J'éprouve un léger pincement au coeur en pensant à cette pauvre fille, à laquelle il n'a visiblement même pas demandé le prénom, trop absorbé qu'il était dans l'étude de ses mensurations. Sybille et Léandra n'étant pas prêtes et l'épicerie faisant partie du complexe, nous ne déplorerons aucune perte de temps si j'accepte sa proposition.

— Allons-y !

Il s'empare des clefs de sa voiture et me les jette, après avoir enfilé un tee-shirt. Ma surprise ne ralentit pas mes réflexes et je lui emboîte le pas jusqu'à une belle Audi sport noire.

— Tu as fait venir ta voiture en France juste pour dix jours ? je m'étonne en ouvrant la portière.

— Elle ne m'appartient pas.

— Ah ? J'ignorais que de telles voitures se louaient.

— Je ne l'ai pas louée, on me la prête. Bon, tu as fini avec tes questions ? s'énerve-t-il alors qu'il baisse déjà sa vitre.

Mes doigts s'apprêtent à tourner la clé de contact :

— Dans ce cas, je ne devrais peut-être pas la conduire.

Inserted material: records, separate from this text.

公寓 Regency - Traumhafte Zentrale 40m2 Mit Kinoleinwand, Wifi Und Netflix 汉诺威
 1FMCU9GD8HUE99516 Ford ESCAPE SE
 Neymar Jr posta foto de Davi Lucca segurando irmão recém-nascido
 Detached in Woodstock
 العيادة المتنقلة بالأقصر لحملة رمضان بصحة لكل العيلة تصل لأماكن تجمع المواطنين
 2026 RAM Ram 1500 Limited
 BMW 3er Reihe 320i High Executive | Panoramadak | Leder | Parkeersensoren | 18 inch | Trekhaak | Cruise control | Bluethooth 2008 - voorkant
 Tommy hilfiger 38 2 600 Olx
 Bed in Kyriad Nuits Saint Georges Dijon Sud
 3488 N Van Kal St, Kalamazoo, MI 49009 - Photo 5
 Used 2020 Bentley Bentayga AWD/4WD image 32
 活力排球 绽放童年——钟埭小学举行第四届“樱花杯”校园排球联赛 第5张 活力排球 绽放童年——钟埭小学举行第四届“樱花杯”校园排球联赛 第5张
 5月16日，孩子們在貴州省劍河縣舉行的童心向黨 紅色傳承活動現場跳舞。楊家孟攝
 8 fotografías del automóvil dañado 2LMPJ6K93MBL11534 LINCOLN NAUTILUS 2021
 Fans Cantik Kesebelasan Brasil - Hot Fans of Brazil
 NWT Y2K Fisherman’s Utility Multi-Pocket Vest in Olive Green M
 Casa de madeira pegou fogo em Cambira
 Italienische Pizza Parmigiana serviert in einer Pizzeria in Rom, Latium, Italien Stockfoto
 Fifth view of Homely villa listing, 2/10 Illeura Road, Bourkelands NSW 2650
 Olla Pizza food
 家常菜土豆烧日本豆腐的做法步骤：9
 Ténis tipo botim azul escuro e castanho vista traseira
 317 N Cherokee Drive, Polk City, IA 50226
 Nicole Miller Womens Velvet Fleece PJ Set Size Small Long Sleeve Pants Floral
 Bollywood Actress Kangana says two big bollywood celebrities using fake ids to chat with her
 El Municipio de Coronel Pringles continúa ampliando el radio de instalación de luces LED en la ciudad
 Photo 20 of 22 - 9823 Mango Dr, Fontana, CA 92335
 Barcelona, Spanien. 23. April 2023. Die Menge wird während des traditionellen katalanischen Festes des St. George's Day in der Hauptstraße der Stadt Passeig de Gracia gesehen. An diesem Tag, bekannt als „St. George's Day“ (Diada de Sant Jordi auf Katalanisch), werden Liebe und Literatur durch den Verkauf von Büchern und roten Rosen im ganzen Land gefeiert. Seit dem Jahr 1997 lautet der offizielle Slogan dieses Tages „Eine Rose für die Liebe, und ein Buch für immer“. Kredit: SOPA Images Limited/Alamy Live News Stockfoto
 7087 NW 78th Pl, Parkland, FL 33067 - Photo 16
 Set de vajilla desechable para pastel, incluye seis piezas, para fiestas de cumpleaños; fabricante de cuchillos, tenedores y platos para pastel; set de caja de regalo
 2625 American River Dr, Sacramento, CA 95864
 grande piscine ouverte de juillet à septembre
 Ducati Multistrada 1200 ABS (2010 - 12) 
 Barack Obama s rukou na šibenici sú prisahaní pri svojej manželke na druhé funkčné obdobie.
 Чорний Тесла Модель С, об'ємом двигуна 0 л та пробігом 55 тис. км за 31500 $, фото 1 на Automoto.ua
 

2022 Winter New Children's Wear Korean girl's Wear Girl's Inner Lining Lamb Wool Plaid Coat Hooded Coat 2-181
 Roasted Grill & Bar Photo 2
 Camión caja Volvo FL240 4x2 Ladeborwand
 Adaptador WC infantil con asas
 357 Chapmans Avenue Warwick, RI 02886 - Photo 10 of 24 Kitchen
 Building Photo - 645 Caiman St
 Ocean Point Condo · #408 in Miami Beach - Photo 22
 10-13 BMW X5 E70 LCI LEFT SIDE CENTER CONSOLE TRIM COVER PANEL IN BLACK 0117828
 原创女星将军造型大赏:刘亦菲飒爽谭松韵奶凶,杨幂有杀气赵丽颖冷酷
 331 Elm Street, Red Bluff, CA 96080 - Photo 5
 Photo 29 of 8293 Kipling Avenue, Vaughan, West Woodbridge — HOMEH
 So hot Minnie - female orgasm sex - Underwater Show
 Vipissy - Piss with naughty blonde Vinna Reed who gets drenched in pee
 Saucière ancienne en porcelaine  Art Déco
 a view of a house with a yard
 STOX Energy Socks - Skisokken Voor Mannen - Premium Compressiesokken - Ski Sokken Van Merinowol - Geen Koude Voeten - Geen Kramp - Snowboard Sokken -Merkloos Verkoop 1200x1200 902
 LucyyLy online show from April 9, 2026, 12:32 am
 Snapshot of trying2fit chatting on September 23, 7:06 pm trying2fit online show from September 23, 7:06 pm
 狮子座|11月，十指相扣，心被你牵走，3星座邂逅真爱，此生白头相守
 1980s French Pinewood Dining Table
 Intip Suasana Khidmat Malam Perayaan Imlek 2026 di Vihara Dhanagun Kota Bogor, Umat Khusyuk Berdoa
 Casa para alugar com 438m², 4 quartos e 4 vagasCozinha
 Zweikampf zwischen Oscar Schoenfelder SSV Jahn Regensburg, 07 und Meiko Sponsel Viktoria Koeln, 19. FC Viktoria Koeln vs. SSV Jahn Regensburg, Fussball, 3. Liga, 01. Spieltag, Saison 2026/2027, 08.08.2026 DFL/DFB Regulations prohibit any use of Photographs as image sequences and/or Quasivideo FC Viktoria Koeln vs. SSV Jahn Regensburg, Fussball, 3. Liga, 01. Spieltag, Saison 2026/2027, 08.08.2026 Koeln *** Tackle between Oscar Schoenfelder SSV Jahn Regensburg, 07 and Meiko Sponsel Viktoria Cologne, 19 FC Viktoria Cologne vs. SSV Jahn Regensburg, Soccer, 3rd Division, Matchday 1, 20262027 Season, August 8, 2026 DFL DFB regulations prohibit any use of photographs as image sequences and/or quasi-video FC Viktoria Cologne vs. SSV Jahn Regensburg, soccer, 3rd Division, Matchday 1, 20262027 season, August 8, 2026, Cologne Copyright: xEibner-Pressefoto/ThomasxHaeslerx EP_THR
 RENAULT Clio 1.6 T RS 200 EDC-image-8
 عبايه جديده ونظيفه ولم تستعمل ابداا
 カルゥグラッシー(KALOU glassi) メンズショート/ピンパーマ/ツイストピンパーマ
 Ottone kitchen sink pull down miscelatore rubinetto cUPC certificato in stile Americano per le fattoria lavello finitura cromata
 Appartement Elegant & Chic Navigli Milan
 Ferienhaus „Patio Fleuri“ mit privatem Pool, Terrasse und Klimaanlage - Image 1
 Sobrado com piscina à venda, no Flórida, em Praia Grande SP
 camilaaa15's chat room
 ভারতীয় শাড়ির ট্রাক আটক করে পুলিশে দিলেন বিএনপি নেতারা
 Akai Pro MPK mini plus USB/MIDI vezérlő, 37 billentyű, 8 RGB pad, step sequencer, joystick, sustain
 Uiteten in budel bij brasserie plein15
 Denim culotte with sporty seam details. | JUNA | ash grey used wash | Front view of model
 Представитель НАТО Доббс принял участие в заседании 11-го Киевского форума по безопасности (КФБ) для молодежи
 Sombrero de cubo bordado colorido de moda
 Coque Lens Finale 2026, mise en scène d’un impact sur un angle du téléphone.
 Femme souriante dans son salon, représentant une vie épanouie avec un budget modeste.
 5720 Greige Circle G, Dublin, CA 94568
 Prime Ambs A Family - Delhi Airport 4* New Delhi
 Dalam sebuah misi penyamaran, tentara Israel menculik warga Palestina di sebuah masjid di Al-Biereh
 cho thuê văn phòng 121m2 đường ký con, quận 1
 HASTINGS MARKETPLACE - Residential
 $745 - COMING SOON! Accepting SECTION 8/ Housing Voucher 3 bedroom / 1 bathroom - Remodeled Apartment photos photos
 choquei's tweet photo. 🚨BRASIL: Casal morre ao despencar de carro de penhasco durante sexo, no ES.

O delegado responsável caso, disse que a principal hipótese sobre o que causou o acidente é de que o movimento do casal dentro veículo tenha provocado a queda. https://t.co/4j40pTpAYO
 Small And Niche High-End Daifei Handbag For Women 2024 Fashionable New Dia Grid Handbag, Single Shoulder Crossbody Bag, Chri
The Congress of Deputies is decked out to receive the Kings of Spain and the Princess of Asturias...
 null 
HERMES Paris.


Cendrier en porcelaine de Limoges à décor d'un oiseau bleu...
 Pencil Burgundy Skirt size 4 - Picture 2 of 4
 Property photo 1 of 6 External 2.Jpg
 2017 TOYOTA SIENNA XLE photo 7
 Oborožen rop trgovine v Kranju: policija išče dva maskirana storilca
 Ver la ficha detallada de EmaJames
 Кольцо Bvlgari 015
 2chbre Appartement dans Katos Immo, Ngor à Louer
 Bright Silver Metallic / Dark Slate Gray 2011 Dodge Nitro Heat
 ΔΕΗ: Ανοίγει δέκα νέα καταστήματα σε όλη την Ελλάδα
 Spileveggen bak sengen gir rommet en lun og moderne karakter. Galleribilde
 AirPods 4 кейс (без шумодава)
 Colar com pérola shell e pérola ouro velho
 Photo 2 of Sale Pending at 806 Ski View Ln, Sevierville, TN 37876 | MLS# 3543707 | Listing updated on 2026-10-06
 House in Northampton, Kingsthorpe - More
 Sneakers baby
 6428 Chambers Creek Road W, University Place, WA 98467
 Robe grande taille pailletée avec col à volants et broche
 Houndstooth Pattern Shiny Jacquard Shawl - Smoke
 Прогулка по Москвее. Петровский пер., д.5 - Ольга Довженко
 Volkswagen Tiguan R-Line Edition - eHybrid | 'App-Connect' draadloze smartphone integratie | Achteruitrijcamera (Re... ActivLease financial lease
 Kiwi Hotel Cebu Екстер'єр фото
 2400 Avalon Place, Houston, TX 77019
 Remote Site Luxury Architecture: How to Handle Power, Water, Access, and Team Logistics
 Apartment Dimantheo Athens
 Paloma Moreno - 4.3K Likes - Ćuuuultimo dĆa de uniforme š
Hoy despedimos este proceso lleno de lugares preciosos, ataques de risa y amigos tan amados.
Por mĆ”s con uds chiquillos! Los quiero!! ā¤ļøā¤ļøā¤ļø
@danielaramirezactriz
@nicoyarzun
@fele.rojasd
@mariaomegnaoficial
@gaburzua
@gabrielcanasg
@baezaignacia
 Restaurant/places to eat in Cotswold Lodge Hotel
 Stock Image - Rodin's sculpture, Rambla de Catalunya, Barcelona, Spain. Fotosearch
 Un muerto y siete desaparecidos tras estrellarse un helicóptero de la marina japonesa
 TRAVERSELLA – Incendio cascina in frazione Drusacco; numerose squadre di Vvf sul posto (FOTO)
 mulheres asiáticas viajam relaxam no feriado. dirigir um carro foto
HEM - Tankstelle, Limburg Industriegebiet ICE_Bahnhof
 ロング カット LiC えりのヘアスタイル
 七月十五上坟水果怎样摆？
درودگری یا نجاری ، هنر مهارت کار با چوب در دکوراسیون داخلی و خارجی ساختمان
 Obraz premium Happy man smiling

— Tu devrais plutôt démarrer, car je commence déjà à regretter de me laisser conduire.

— Ok, ok, capitulé-je pour ne pas envenimer la discussion. Nous n'avons pas le temps pour ça.

Quand on a la chance de pouvoir vivre un tel moment, il faut le savourer et c'est bien mon intention. Sauf que Perfection ne peut pas s'empêcher de parler :

— Avoue que conduire une belle voiture, aux côtés d'un homme aussi sexy et classe que moi est excitant, non ?

Que répondre ? Malgré le côté ringard de cette observation, il a raison. Pourtant encore une fois, sa suffisance m'agace profondément. Le confort du fauteuil apaise un peu ma colère tandis qu'après avoir démarré, mes pieds se permettent deux petits appuis sur la pédale d'accélération. Le bruit emmène ma rage au loin. Encore une fois, un peu plus fort. Cette fois, je calle mon dos, mes fesses, regarde droit devant avec satisfaction, la main sur le levier de vitesse.